Découvrir de nouvelles techniques
L’initiation permet de découvrir les techniques d’anglage, de limage, d’étirage, de sablage, de perlage et de moulure. La clé de la décoration horlogère? Avoir les bons outils! Les participants vont manier différentes limes, des cabrons ou encore de la diamantine qu’ils appliqueront avec des gentianes, ramassées, puis séchées, pour donner un effet brillant à la pièce. «Ils vont travailler d’abord en ligne droite, puis sur des angles, précise Philippe Narbel. Le saint graal de la décoration horlogère, c’est les angles rentrants.» Ce cours ne s’adresse pas forcément à des horlogers, mais à des travailleurs de la branche qui auraient envie de se tester et de découvrir pour éventuellement se réorienter. «C’est un savoir-faire qui se perd, car les techniques de CNC (Computer numerical control) avancent très vite et il est important de le préserver. C’est un domaine très différent du travail à la chaîne dans l’industrie. Ces trois jours sont valorisants, car on commence une pièce le matin qui sera terminée le soir.»
Continuer à apprendre
En ce début de mois d’avril, et dans un cadre aussi beau que reposant face au lac de Joux, six travailleurs et travailleuses ont décidé de s’essayer à la décoration horlogère. Tiago est polisseur à La Pierrette et a eu vent de cette formation via Unia. «J’aime tout ce qui est minutieux, ce n’est pas simple mais ça me plaît.» Désireux d’apprendre, il a déjà suivi une autre formation financée par Unia sur les montres mécaniques. «Si cette initiation peut m’ouvrir des portes et qu’à l’avenir, je peux m’orienter vers la décoration horlogère, c’est un plus!» A sa droite, Cyril, un ancien collègue polisseur, est au chômage depuis deux mois. «Cette formation m’a été proposée par le syndicat. Ce travail n’a rien à voir avec ce que je faisais, mais cela me permet de découvrir autre chose et, pourquoi pas, m’en servir pour plus tard.» Yosvani, horloger chez Blancpain, est admiratif de ce travail de décorateur, dans lequel tout est fait à la main. «Nous avons de plus en plus recours aux machines dans l’horlogerie, le travail manuel se perd et c’est dommage…»
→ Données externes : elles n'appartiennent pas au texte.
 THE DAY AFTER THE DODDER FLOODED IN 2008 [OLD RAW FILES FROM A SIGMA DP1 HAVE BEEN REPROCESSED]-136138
Pour Alan, technicien qualité chez CHH, c’est une première. «Je suis derrière un ordinateur toute la journée, donc découvrir la matière, manipuler les outils et les pièces, c’est nouveau pour moi.» C’est Unia qui a distribué des flyers à la sortie de l’entreprise pour informer le personnel de l’existence de cette formation. «Cette expérience technique et pratique pourra m’aider dans mon travail de contrôle de la conformité et de la qualité des pièces. Jusque-là, je n’avais pas la notion de l’homogénéité ou de la régularité d’un angle. Maintenant, je vais être plus pointilleux!»
Elisabete et Pauline sont toutes deux opératrices CNC: elles travaillent sur des machines, comme des contre-perceuses ou des crevoisiers, qui produisent des pièces d’usinage. «Je travaille chez Breguet depuis vingt ans et je n’ai jamais eu l’opportunité de me former à la décoration, donc quand un collègue m’en a parlé, j’ai sauté sur l’occasion. Ça me plaît énormément. Mon travail actuel n’est pas du tout manuel et je trouve intéressant de pouvoir voir autre chose, aller plus loin, évoluer et peut-être changer de poste un jour pour mettre ça en pratique.» Pauline a aussi soif d’apprendre: «J’adore mon métier et je suis curieuse de découvrir les autres étapes de production. Je fais un petit peu de décoration, mais ce n’est pas aussi manuel. Cette formation m’a permis de voir si la discipline pouvait me plaire et si j’en étais capable, je remercie donc Unia pour cette belle opportunité!»